+++ Provided data

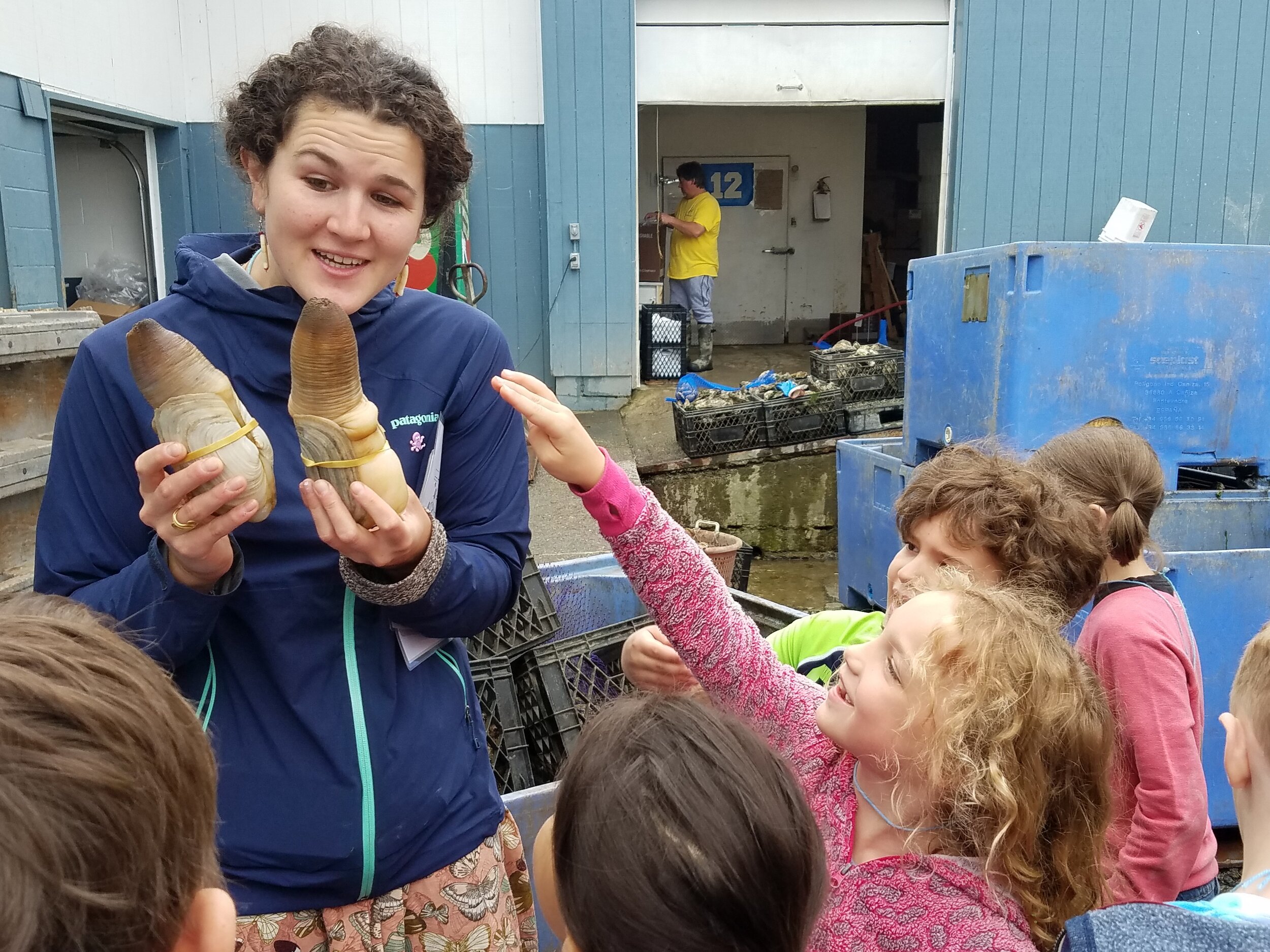  Learning about geoducks at National Fish &amp; Oyster. 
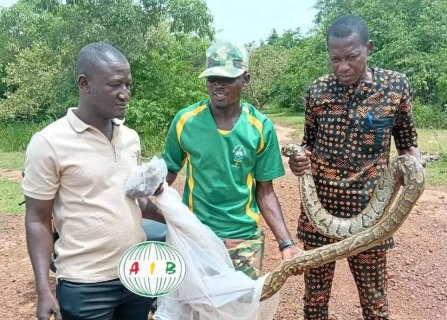 Gourcy : Un python de près de cinq mètres découvert dans une concession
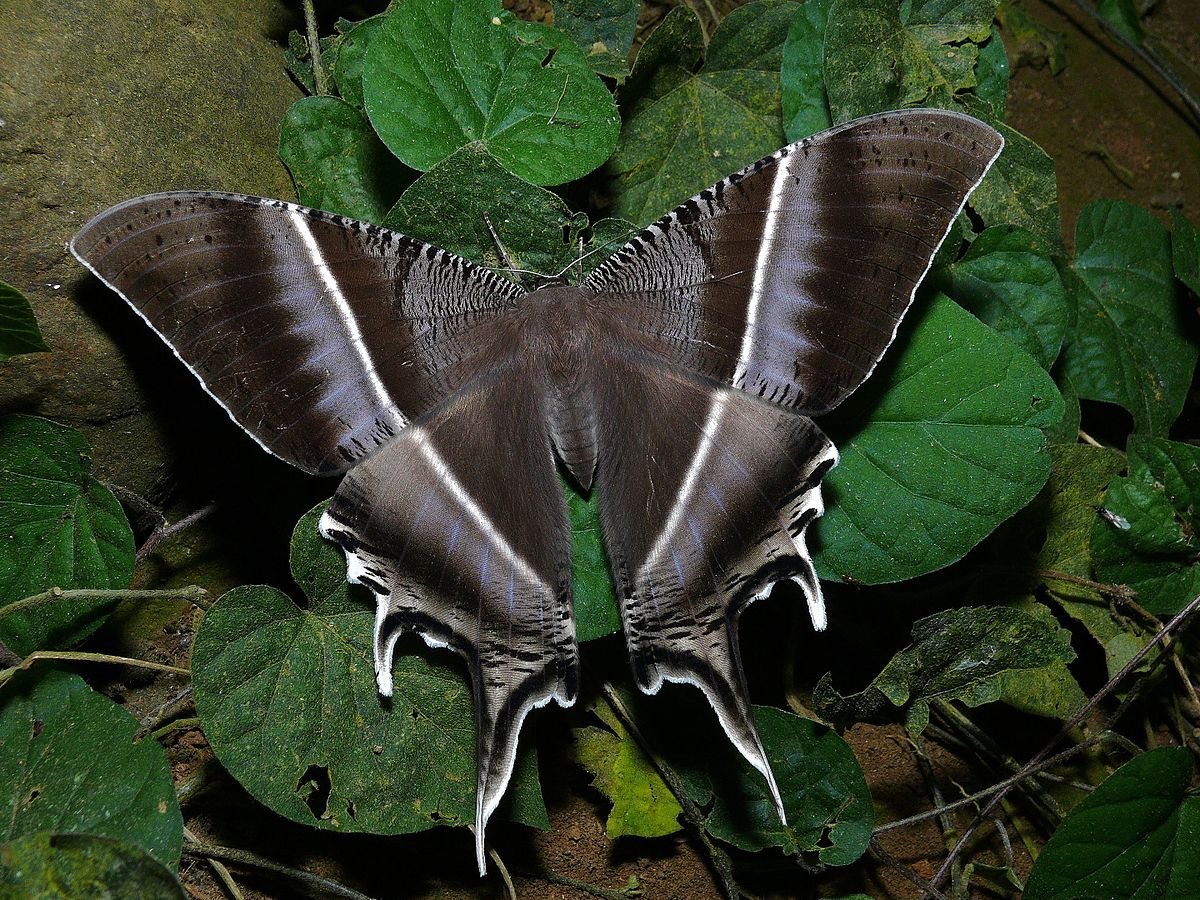 Сиреневый Бражник бабочка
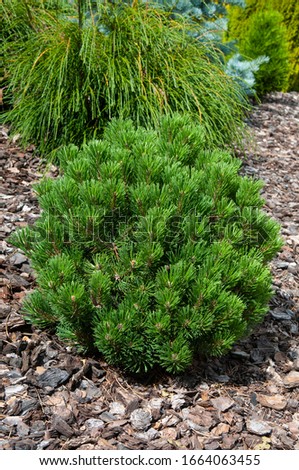 Pinus mugo Sherwood Compact - outdoor plant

++++++

Work instruction: Without any pictures, return the material above exactly.

Answer section:
  Learning about geoducks at National Fish &amp; Oyster. 
 Gourcy : Un python de près de cinq mètres découvert dans une concession
 Сиреневый Бражник бабочка
 Pinus mugo Sherwood Compact - outdoor plant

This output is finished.